Amazon, Microsoft, and Meta followed the same path. AWS built a multi-terabit private backbone that became the foundation for Direct Connect. Microsoft built 200,000+ miles of private fiber globally, the basis for ExpressRoute. Meta's Express Backbone handles the entire data plane for their social graph, CDN, and ML training infrastructure.

The difference between public and private path for Tokyo to Virginia:

And for users in Tokyo hitting a regional Tokyo data center the entire request stays local. 10–20ms. The private backbone never even enters the picture.

The Three-Tier Architecture That Became the Standard

By 2015, the hyperscalers had independently arrived at the same architecture, one that is now the template for every cloud provider on earth.

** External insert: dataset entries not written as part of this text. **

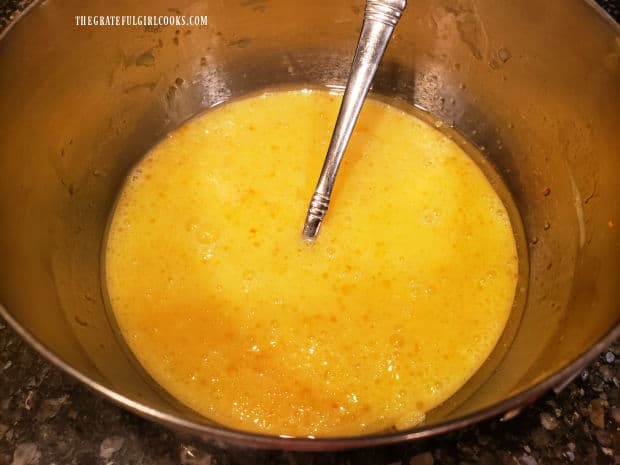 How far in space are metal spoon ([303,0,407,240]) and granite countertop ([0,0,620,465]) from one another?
538 mm

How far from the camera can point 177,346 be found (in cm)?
123

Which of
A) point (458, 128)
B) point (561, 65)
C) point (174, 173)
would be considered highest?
point (561, 65)

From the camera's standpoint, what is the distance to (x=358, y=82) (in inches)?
51.5

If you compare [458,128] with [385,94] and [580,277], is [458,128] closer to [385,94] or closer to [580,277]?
[385,94]

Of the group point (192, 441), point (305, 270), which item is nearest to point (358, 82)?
point (305, 270)

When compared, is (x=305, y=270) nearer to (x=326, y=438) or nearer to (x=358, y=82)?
(x=358, y=82)

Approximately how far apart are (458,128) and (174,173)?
31.8 inches

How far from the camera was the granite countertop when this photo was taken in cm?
106

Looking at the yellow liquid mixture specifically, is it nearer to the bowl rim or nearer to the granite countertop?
the granite countertop

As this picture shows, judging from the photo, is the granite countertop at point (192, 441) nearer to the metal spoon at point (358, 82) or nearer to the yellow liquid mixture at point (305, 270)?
the yellow liquid mixture at point (305, 270)

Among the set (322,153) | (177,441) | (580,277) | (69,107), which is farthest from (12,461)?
(580,277)

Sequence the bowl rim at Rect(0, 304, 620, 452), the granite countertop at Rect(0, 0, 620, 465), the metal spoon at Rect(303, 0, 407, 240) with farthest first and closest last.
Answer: the metal spoon at Rect(303, 0, 407, 240) < the granite countertop at Rect(0, 0, 620, 465) < the bowl rim at Rect(0, 304, 620, 452)

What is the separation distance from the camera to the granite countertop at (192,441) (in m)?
1.06

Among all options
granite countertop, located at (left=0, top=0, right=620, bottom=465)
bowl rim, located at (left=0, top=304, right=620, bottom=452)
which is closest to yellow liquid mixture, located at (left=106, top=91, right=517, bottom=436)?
granite countertop, located at (left=0, top=0, right=620, bottom=465) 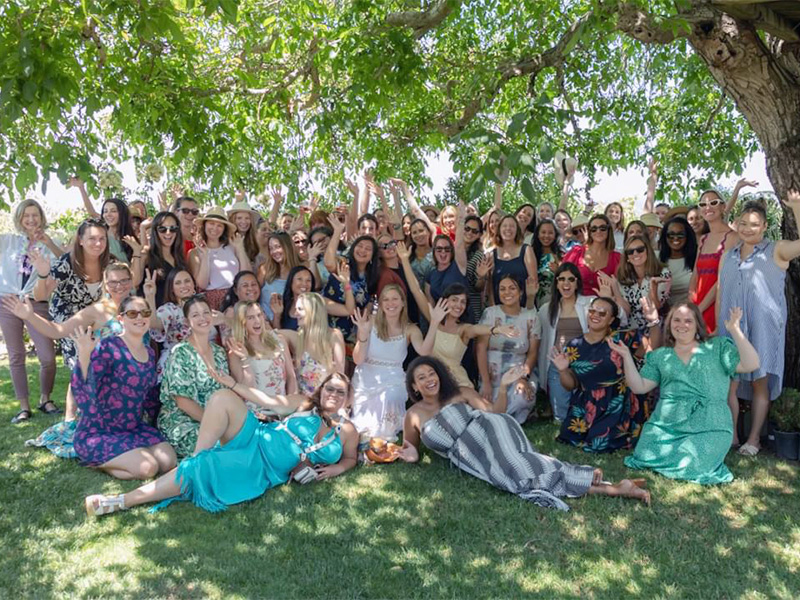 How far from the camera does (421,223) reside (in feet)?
24.2

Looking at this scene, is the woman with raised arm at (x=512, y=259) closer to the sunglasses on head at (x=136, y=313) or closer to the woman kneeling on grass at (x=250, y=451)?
the woman kneeling on grass at (x=250, y=451)

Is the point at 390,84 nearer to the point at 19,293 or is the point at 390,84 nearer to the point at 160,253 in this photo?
the point at 160,253

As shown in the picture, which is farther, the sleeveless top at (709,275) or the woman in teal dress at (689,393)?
the sleeveless top at (709,275)

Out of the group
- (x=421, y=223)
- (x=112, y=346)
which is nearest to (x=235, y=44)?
(x=421, y=223)

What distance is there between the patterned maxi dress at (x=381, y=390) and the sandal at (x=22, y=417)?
3.38m

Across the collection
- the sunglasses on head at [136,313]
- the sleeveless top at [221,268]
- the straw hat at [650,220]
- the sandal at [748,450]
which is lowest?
the sandal at [748,450]

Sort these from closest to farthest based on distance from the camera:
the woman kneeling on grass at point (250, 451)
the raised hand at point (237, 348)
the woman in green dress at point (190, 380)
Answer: the woman kneeling on grass at point (250, 451) < the woman in green dress at point (190, 380) < the raised hand at point (237, 348)

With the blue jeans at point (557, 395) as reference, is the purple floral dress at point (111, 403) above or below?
above

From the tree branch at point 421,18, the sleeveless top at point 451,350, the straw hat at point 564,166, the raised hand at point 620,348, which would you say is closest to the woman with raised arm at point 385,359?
the sleeveless top at point 451,350

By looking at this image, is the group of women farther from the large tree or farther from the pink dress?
the large tree

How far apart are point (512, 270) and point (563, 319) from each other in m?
0.77

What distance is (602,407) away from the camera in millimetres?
5691

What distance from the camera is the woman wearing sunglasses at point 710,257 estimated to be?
6.00 metres

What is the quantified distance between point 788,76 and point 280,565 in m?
5.88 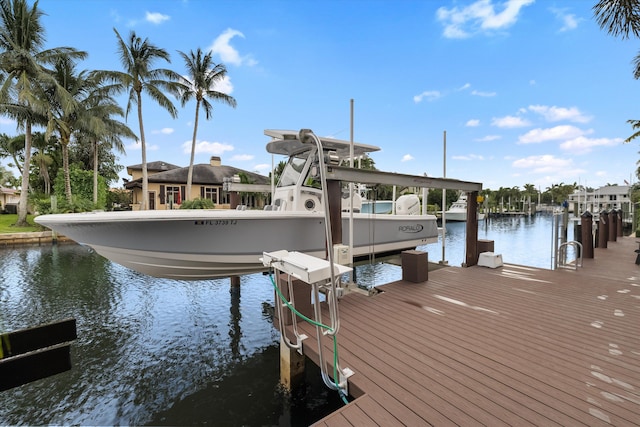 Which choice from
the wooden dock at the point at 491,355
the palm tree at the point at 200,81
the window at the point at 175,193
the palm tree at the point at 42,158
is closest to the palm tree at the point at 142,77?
the palm tree at the point at 200,81

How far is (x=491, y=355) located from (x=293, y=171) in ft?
16.2

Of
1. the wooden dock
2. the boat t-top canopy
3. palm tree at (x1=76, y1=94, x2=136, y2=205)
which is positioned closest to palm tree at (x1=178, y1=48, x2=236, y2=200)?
palm tree at (x1=76, y1=94, x2=136, y2=205)

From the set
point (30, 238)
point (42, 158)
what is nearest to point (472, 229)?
point (30, 238)

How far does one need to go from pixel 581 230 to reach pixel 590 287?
375 centimetres

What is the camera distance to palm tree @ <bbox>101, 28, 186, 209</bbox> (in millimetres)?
20219

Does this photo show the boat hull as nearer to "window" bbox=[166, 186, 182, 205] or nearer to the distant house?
the distant house

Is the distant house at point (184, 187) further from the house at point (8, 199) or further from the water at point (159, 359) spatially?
the water at point (159, 359)

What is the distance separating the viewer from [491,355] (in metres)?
2.80

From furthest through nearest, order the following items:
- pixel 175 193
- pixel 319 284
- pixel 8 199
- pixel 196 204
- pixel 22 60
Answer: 1. pixel 8 199
2. pixel 175 193
3. pixel 196 204
4. pixel 22 60
5. pixel 319 284

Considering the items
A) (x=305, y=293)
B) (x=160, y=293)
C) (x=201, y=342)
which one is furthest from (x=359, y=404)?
(x=160, y=293)

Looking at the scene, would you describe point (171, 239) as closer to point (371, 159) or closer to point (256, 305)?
point (256, 305)

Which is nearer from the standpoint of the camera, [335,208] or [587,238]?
[335,208]

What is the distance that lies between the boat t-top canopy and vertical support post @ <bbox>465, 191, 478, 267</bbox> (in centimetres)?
255

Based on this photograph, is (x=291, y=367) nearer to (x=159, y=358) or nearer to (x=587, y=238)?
(x=159, y=358) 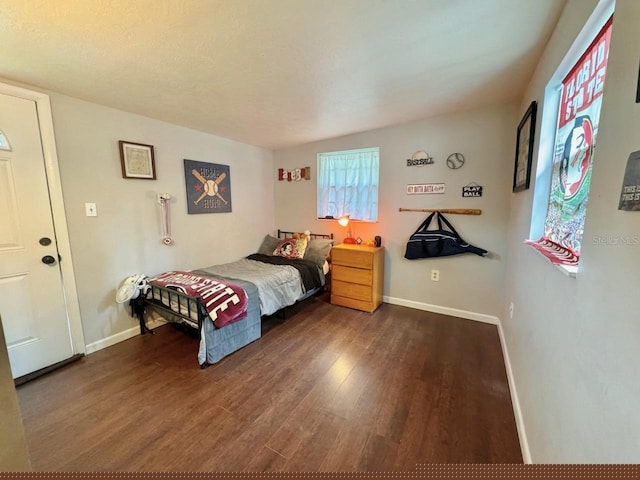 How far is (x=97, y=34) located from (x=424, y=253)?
3.04 m

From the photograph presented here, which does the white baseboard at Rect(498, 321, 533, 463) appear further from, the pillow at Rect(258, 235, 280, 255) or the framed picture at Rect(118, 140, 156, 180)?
the framed picture at Rect(118, 140, 156, 180)

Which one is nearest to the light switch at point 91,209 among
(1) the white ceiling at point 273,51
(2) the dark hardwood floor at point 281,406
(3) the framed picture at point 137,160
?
(3) the framed picture at point 137,160

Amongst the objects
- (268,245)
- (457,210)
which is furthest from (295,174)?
(457,210)

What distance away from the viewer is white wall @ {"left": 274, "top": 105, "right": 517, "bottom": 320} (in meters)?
2.55

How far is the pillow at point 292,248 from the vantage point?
3381 millimetres

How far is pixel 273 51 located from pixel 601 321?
6.07 feet

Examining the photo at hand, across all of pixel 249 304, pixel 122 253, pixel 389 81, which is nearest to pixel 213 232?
pixel 122 253

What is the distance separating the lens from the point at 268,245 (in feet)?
12.3

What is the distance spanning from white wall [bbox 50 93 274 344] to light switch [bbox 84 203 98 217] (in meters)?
0.02

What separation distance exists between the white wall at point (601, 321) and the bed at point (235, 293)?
1.94 m

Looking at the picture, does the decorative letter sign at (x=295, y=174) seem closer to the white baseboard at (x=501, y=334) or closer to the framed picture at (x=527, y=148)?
the white baseboard at (x=501, y=334)

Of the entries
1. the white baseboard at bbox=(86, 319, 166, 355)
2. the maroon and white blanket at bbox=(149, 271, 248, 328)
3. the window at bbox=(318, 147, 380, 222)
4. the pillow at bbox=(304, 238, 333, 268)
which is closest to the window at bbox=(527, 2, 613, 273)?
the window at bbox=(318, 147, 380, 222)

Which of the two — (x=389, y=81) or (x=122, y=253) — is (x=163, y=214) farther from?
(x=389, y=81)

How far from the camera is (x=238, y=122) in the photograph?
8.70 feet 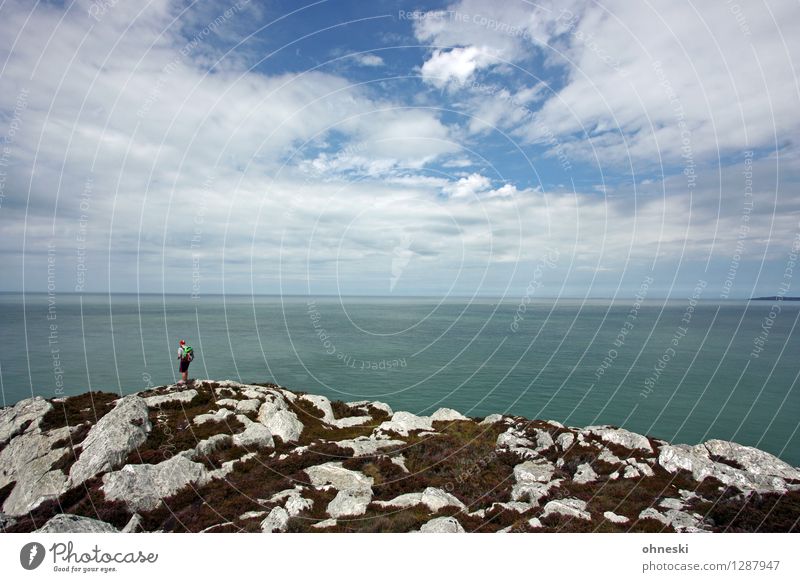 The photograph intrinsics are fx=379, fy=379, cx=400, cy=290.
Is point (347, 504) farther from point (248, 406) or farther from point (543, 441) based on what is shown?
point (543, 441)

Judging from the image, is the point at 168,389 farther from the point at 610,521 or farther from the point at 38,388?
the point at 38,388

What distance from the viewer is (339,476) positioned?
16.7 meters

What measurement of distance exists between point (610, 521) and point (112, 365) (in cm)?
8120

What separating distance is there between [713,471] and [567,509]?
28.0 feet

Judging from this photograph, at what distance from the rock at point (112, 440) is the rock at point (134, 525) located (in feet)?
13.0

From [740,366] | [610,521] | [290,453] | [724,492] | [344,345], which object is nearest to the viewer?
[610,521]

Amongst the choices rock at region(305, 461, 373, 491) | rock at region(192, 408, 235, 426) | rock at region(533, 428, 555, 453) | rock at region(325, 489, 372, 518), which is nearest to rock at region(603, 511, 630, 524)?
rock at region(533, 428, 555, 453)

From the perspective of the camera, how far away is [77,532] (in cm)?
1081

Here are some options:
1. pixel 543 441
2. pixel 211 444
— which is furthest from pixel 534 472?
pixel 211 444

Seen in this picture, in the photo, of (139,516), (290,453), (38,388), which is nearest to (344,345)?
(38,388)

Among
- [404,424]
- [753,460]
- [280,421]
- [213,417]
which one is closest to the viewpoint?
[753,460]

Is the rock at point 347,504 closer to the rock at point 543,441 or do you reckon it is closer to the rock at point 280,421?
the rock at point 280,421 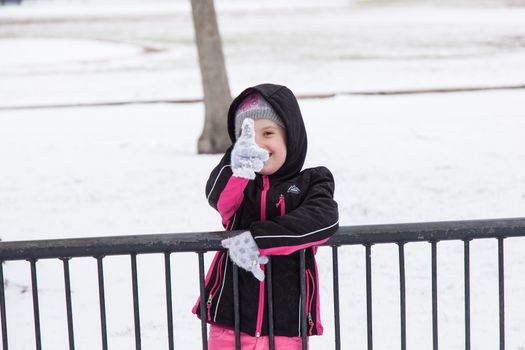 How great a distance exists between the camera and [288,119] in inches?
126

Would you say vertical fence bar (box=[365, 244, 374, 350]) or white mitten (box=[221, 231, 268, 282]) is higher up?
white mitten (box=[221, 231, 268, 282])

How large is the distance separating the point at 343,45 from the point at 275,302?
2179 centimetres

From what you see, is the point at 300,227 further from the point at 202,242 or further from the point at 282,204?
the point at 202,242

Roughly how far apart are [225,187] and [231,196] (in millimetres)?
47

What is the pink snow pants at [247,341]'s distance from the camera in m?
3.38

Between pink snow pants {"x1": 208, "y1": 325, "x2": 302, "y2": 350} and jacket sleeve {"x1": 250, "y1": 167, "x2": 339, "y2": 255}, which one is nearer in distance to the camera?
jacket sleeve {"x1": 250, "y1": 167, "x2": 339, "y2": 255}

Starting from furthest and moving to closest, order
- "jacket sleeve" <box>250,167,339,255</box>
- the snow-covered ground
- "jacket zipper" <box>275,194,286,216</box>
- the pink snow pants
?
the snow-covered ground < the pink snow pants < "jacket zipper" <box>275,194,286,216</box> < "jacket sleeve" <box>250,167,339,255</box>

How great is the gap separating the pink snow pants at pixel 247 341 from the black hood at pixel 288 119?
58cm

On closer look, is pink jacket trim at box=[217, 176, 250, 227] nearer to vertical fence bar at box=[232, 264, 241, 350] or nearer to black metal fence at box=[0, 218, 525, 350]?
black metal fence at box=[0, 218, 525, 350]

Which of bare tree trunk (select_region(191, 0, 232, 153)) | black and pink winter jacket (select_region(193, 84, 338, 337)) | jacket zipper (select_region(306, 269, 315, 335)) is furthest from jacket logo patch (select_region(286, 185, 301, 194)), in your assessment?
bare tree trunk (select_region(191, 0, 232, 153))

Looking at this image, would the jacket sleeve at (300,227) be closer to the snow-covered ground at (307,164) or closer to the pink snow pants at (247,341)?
the pink snow pants at (247,341)

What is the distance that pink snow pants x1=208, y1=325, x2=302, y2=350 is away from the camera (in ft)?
Result: 11.1

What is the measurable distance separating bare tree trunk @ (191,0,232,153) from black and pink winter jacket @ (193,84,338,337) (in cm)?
726

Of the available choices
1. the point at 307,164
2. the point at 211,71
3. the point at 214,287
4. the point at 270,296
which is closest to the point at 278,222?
the point at 270,296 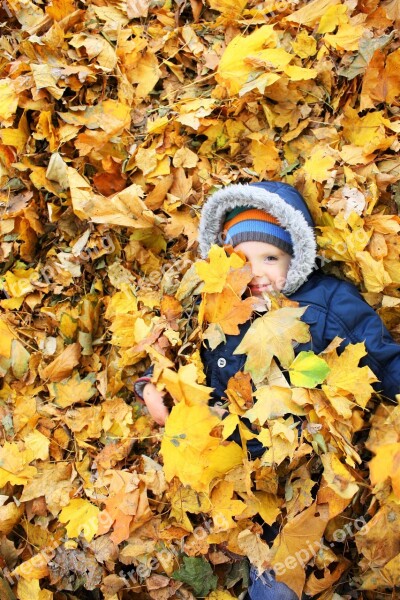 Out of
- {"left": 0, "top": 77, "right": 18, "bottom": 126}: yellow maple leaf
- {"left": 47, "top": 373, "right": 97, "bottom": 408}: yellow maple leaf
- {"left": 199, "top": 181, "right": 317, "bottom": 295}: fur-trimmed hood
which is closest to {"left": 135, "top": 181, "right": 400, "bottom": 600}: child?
{"left": 199, "top": 181, "right": 317, "bottom": 295}: fur-trimmed hood

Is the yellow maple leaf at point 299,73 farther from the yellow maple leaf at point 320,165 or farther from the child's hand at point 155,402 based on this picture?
the child's hand at point 155,402

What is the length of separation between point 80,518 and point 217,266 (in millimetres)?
1160

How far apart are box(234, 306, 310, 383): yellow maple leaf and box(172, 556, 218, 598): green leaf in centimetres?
75

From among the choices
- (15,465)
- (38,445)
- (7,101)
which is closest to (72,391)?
(38,445)

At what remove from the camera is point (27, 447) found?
7.79 ft

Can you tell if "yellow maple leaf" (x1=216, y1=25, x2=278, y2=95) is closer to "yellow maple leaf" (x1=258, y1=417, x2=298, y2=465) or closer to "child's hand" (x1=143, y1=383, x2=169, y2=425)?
"child's hand" (x1=143, y1=383, x2=169, y2=425)

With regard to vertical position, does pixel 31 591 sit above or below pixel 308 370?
below

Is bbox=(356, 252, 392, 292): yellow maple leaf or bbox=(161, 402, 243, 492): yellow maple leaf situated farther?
bbox=(356, 252, 392, 292): yellow maple leaf

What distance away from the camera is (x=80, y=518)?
222cm

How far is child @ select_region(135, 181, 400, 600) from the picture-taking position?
6.48ft

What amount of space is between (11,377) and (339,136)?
180 centimetres

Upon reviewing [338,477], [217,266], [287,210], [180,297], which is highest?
[287,210]

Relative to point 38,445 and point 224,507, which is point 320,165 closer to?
point 224,507

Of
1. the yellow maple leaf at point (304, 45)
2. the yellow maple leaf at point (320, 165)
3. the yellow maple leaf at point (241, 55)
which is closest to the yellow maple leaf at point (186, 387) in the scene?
the yellow maple leaf at point (320, 165)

Tier 1: Edge (1,000+ locations globally) - 5–20ms from users. Caching, DDoS protection, DNS, edge compute.
Tier 2: Regional Data Centers (100+ globally) - 10–100ms in-region. Full application stack with multiple Availability Zones.
Tier 3: Private Backbone - Predictable, low-latency connectivity between everything else. No public internet. No BGP surprises.

The request flow for a Tokyo user before this architecture: 5,000ms. After: 10ms for a cache hit. A 500x improvement.

What It Cost — and What It Created

The total network infrastructure investment (2005–2015, industry-wide, excluding data center buildings and servers): $25–60 billion.

The returns were asymmetric in a way nobody fully anticipated at the time.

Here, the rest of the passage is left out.